Lawyers evoke strong emotion. They can be the brunt of jokes, lauded as heroes, or derided as unethical. They are both the person who imprisons you and the person who defends you against imprisonment. That juxtaposition serves as the basis for a poem titled “The Lawyer” in the Cummins Journal, published in 1972 by someone who signed their work only by their prisoner number, “ADC# 59331.”
“And he addressed the trembling prisoner
In a coat of deep-fried sin.
Why, he painted him all over
In a hue of the blackest crime;”
While the first stanza represented the prosecution, the second represents the defense. Both advocates are somehow describing the same man.
“Then, the other lawyer started
And with brimming, tearful eyes,
Said his client was a martyr
That was brought to sacrifice.”
Life at Arkansas’ Cummins Unit was hard. Forced to pick cotton in the fields, K.W. Heath penned a poem on the previous page titled “Rehabilitation” where he laments the stench of unwashed bodies while waiting for parole.

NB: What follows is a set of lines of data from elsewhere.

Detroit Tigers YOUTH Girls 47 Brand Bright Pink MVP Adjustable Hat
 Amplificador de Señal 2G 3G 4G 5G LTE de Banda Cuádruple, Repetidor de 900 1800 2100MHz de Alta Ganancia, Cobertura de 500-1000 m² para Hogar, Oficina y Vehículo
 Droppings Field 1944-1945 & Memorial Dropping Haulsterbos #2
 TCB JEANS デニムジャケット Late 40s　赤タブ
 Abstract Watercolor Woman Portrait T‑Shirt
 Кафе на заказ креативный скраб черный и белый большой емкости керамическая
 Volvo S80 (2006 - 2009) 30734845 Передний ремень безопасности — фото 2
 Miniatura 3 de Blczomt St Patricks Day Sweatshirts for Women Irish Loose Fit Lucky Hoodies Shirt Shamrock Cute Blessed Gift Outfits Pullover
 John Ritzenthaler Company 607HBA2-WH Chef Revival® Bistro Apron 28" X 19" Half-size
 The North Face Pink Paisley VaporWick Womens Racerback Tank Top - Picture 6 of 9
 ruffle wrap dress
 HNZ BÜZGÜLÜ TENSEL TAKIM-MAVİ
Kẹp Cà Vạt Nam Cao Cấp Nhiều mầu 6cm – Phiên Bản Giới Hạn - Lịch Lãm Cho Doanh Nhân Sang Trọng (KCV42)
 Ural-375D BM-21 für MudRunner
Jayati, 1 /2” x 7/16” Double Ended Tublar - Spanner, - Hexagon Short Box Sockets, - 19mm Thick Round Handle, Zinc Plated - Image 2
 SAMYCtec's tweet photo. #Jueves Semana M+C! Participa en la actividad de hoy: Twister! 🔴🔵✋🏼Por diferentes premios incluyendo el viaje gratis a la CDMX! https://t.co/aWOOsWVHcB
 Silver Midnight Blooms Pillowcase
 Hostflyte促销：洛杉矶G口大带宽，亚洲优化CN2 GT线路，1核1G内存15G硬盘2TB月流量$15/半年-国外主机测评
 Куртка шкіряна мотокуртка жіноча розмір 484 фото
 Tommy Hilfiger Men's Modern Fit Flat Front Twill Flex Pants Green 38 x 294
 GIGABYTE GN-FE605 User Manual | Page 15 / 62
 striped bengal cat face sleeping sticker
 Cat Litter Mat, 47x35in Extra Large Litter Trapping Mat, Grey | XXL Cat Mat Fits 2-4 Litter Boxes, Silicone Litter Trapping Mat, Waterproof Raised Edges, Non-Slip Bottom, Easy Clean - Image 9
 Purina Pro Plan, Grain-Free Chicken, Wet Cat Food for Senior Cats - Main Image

William B. Bradley’s poem “Have You,” found in the same issue, speaks to the pain of incarceration and, apparently, of having a life sentence.
“Have you ever watched the sun go down,
Behind these prison walls?
And have you watched the sun come up,
Feel your life slip away?
Cause I am living a life filled with sorrow,
I am living a life filled with pain.
How long can I go on with no hope to go home?
But I am living the life just the same.”
In a 2002 issue of the Long Line Writer, to which the Cummins Journal was a predecessor, there is an account of brutal whippings if the incarcerated people forced to pick cotton didn’t hit their quota. Also stated in that issue is that in the early 1970s—at the time this poetry was written—that some prisoners had been armed with guns to act as overseers for other incarcerated workers picking cotton. The conditions didn’t preclude creative expression through poetry, even if that poetry is often tinged with darkness.